I know that no passports were needed for our trip to Northern Ireland but we did land at Dublin in the Republic. We had to set out from Norwich at 4 a.m which was a difficult time as it was neither here nor there. A midnight start and we could have stayed up and slept on the coach. But with a 4 a.m start the question is to go to bed or not to go to bed. So I went to bed and grabbed a couple of hours before getting up again at 2.30 a.m.
One of the problems with coach tours is the way they zig zag across the country picking people up. So we had to go from Norwich to Downham Market and then Wisbech and Peterborough before setting off for the ferry at Hollyhead in Welsh Wales. That was followed by a three hour ferry journey to Dublin. That in itself was interesting. The on board pizzas were decent but it was the weather that was of particular interest. It was announced that the winds would be gale force eight or extreme gale force nine. I'm sure a number of years ago that would have seen the passage cancelled. But stabilisers were employed and the journey was pleasant enough.
Interesting journey from Dublin to Belfast as well. There were no border controls, no apparent "welcome to Northern Ireland" (unless I missed it) and the only indication that we had moved from one country back into the UK came when distances in kilometres were replaced by distances in miles and signs stopped being repeated in Gaelic alongside the English.

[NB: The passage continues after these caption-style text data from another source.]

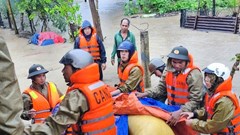 Công an Gia Lai căng mình cứu dân giữa lũ dữ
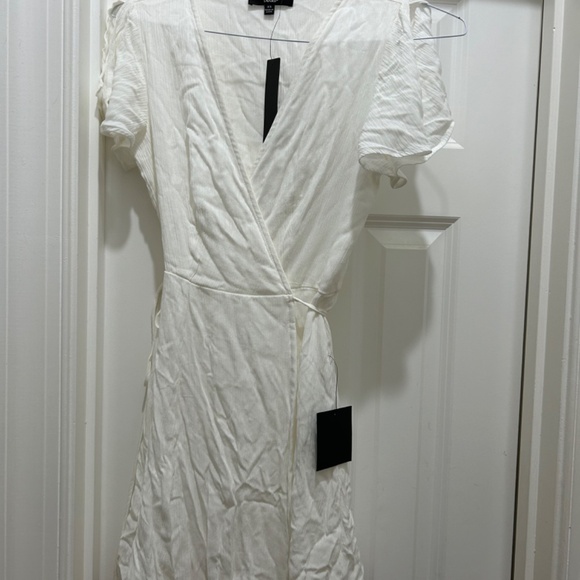Lulus white wrap dress NWT XS - Picture 2 of 6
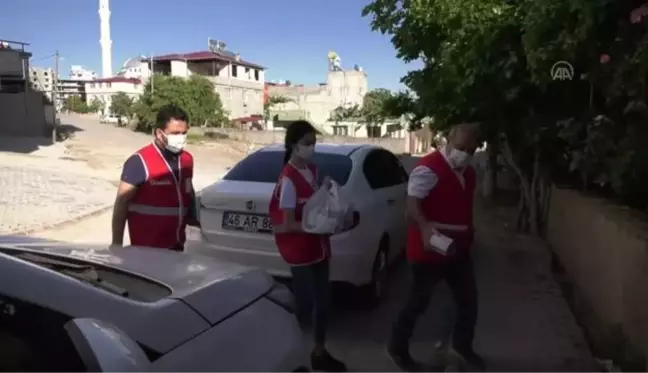 KAHRAMANMARAŞ - Kalp nakli bekleyen küçük Ecem Naz'a doğum günü sürprizi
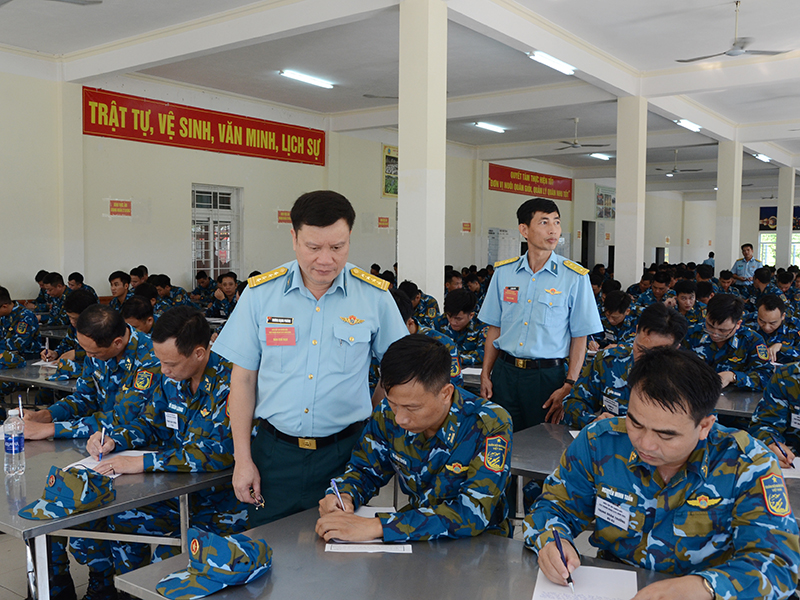 Quân chủng Phòng không - Không quân khai mạc diễn tập kíp chiến đấu sở chỉ huy trung đoàn tên lửa phòng không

It seemed to take forever to get to our destination the La Mon Hotel and Country Club 15 minutes out from Belfast and in open countryside. I think we had about five minutes between getting to our rooms and the evening carvery where the asked for small portion of meat turned into a massive wallopper. So everyone wore the clothes they had travelled in but, after 17 hours of travelling, the lure of food seemed more important than sartorial elegance.